When it comes to my own illness, I waiver slightly. “Person with diabetes” is only a phrase I’ve recently began using – mostly influenced by the Blogsphere and social network. I refer to myself as a “diabetic” often enough that it doesn’t phase me if someone else says it. It’s not a slang term or a derogatory term at face value. Since I was diagnosed at a very young age and have no recollection of my life before diabetes, it does define who I am and it’s very much a part of my upbringing.
There have been plenty of instances where “well-meaning” words regarding my condition are anything but.
“How can you be diabetic? You aren’t fat.”
“[thumps mid-arm] Hey, when you are done with that shot, can you give me a hit?”
“Oh, pregnancy in your condition sounds rough. Why don’t you just adopt?”
“You’re on an insulin pump? You must be a bad diabetic.”
“Well, it could be worse.”
“I couldn’t do it. I’m terrified of needles/blood/doctors/hospitals/big pharma.”
“Hey, have you tried [random supplement/cinnamon/camel milk] to get your A1C down? It worked great for me/my husband/my dog.”

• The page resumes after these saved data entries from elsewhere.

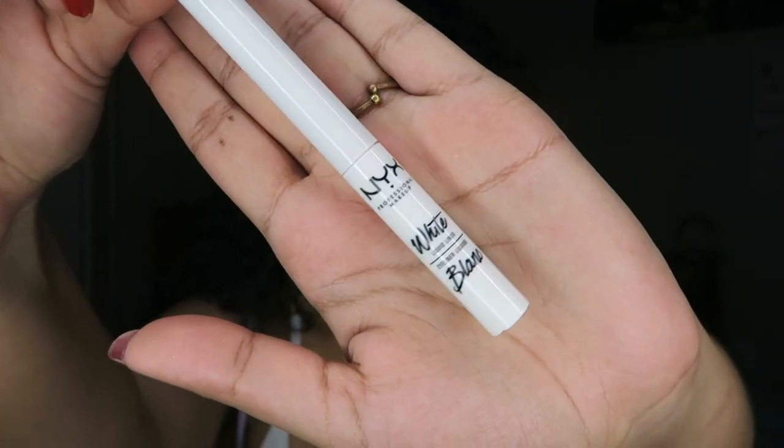Using the elf liner to get a more precise little flick — definitely as precise as we're gonna get. For the white eyeliner, we're gonna be using the NYX white liquid liner. I actually just bought this on Amazon before the video came out, and it came today — the video came out yesterday — so it literally came just in time.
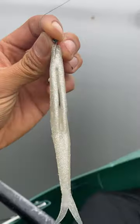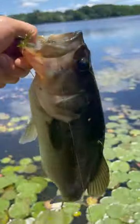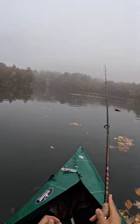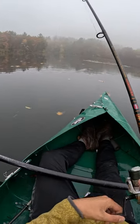Fish metabolism slows way down when the weather gets cold, so change your methods accordingly. This is the Salt Strong jerk shad. I use zoom flukes in shallow water during the summer, but when it's cold and I want to target deeper water, I use this. Check out how slow I'm working it — the hits come when the lure is just sitting on the bottom.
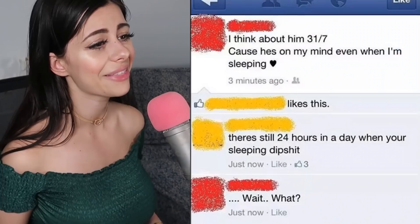Someone says 'I think about him 31/7 because he's on my mind even when I'm sleeping, and there's still 24 hours in the day when you're sleeping.' She thinks time continues even when sleeping, which would make no sense because everybody sleeps for different lengths. We all get 24 hours and that's all we get. I do wish there were more hours in a day — I always feel like I don't have enough time.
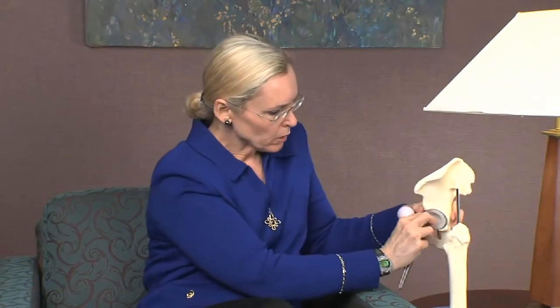We detach very few muscles from the back of the hip joint to get into the hip, and basically cut out the arthritic ball that's the top of the femur, which is part of the hip joint. Then we ream the socket and put in a metal cup with a plastic liner. There are some holes here — we can put screws up through the socket into the patient's bone to help secure that, and the patient's bone will grow into the surface of the socket.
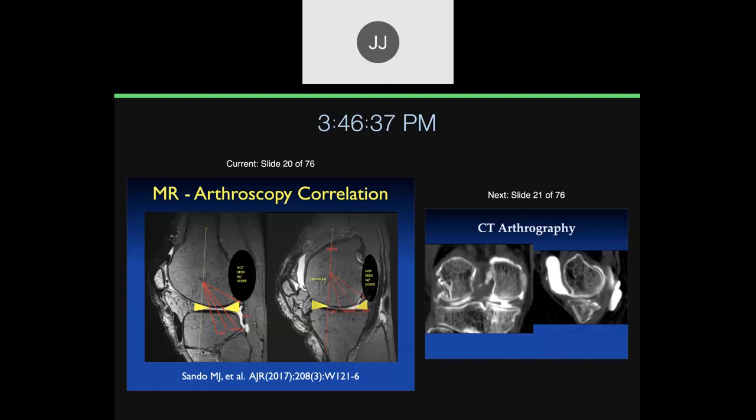He went in and put suture anchors at the margins of what he could see arthroscopically, so we have MR scans showing where the suture anchors are. MR and the gross specimens correlated very well. Once we realized that large areas were not seen by the arthroscopist, we found we picked up a lot more lesions on MR than at arthroscopy, because they were in areas blind to the arthroscopist. The arthroscopist actually picked up a few more lesions in the areas they could see, because they have much higher resolution.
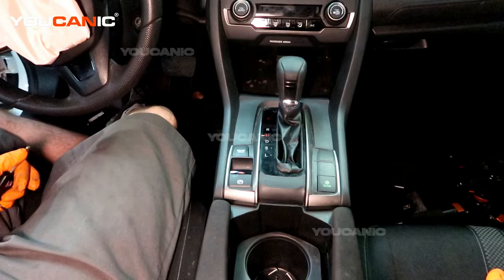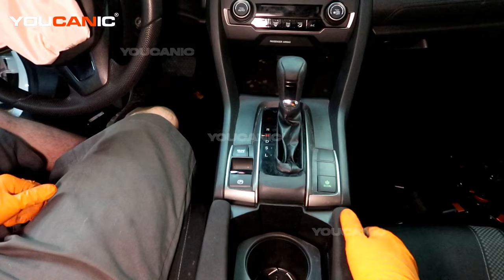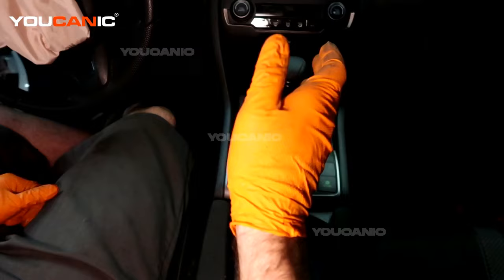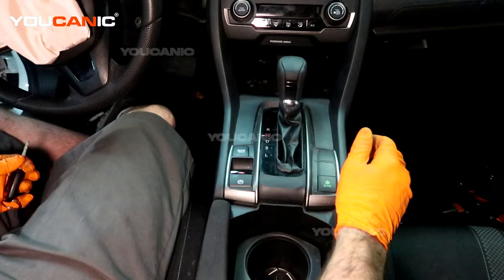Welcome to Ucanic. Today we have a 2020 Honda Civic, and we're going to go over how to release your shifter to bypass the safety lock if you need to. It's called a park neutral safety lock, and we're going to go over the process of how you undo that so you can move your shifter lever while your vehicle's battery is dead and you're getting it towed, or you need to push it off the road.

“Why are you eating this/that/carbs/meat/fruit/ice cream? Don’t you want to take care of yourself?”
“This meme wasn’t about your diabetes. Stop being so sensitive.”
“Haha, look at this awesome dessert! #omnomnom #foodgram #diabetes”
I’ve heard or seen all of these. I realize people, usually, are just trying to help. Or make light of a not-great situation. While I don’t get hung up on someone calling me a “diabetic,” I do get hung up on these. I feel like there are ten zillion other responses or conversation starters or questions people can ask if they were really interested in what it’s like to be sans a pancreas.
Instead, ask me about what I have rather than what I don’t. Because the only way one can change the culture and perception of an illness is to educate and continue to talk about it. Keep talking about the things that make my illness unique and quirky, albeit frustrating and overwhelming.